*Task inputs*:
'''

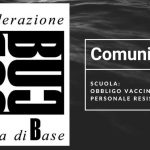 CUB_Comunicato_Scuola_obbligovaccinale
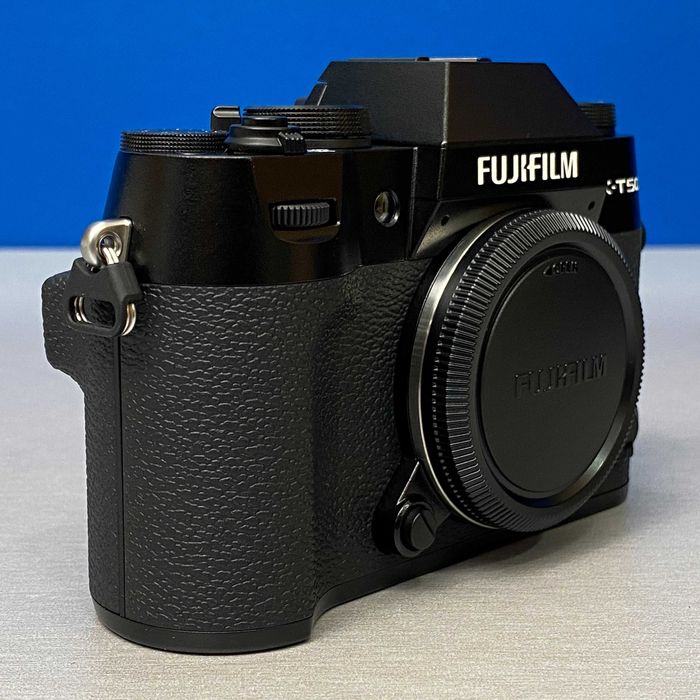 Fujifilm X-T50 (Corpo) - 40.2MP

'''
'''

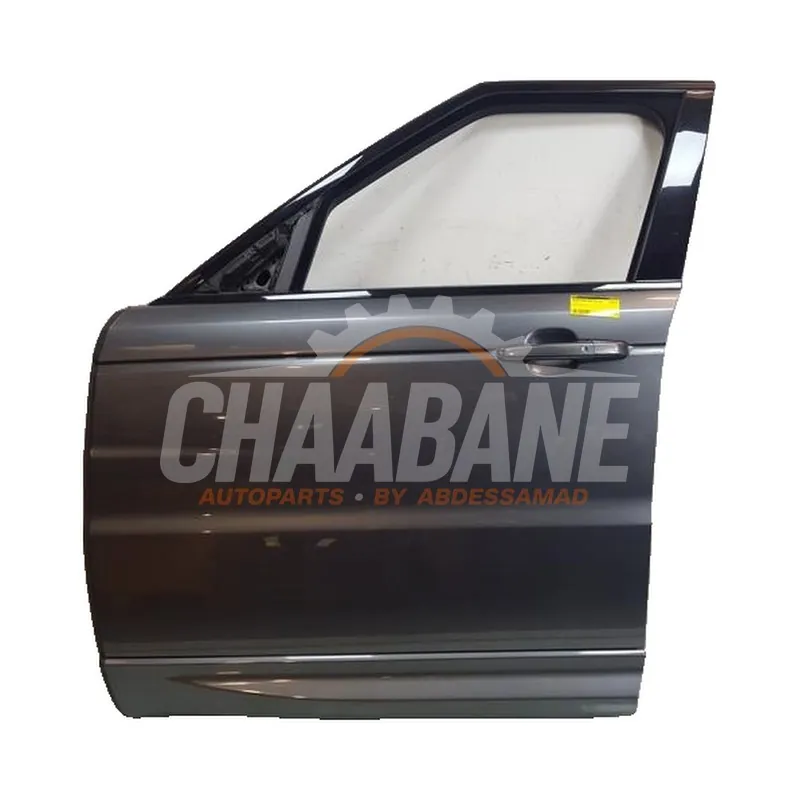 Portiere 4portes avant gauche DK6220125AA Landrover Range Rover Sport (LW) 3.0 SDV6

'''
'''

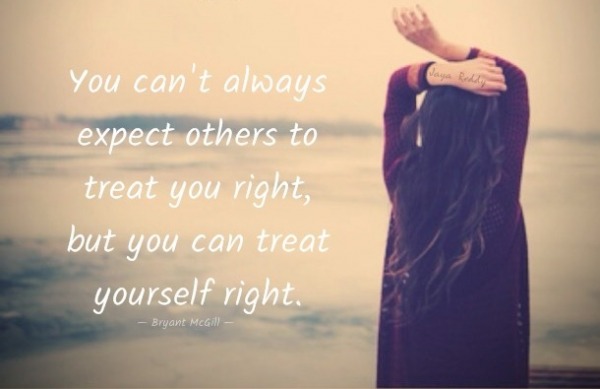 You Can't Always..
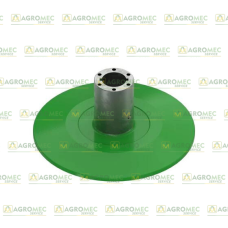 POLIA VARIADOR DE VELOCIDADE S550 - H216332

'''

*Aim of the task*: In the listing above, find the line containing "CUB_Comunicato_Scuola_obbligovaccinale" and the line containing "Fujifilm X-T50 (Corpo) - 40.2MP". Print those two lines and every line between them exactly, with no pictures.

*Task answer*:
 CUB_Comunicato_Scuola_obbligovaccinale
 Fujifilm X-T50 (Corpo) - 40.2MP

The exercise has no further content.